→ **Data block**:
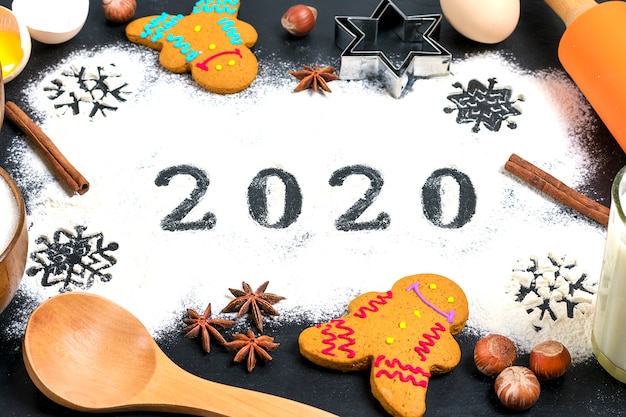 Texte 2020 fait avec de la farine avec des décorations sur fond noir.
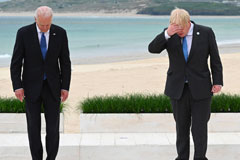 US President Joe Biden standing next to British Prime Minister Boris Johnson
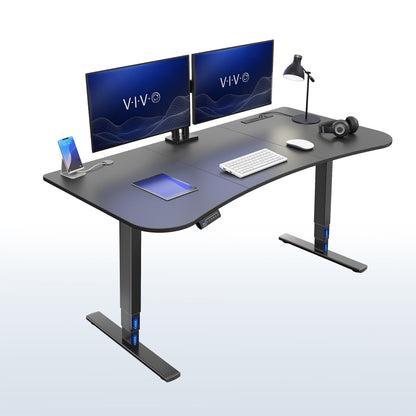 63” x 32” Electric Height Adjustable Stand Up Desk. Features a built-in power strip.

→ **What to work on**:
Exclude the pictures and print the rest of the data exactly.

→ **Solution to this problem**:
 Texte 2020 fait avec de la farine avec des décorations sur fond noir.
 US President Joe Biden standing next to British Prime Minister Boris Johnson
 63” x 32” Electric Height Adjustable Stand Up Desk. Features a built-in power strip.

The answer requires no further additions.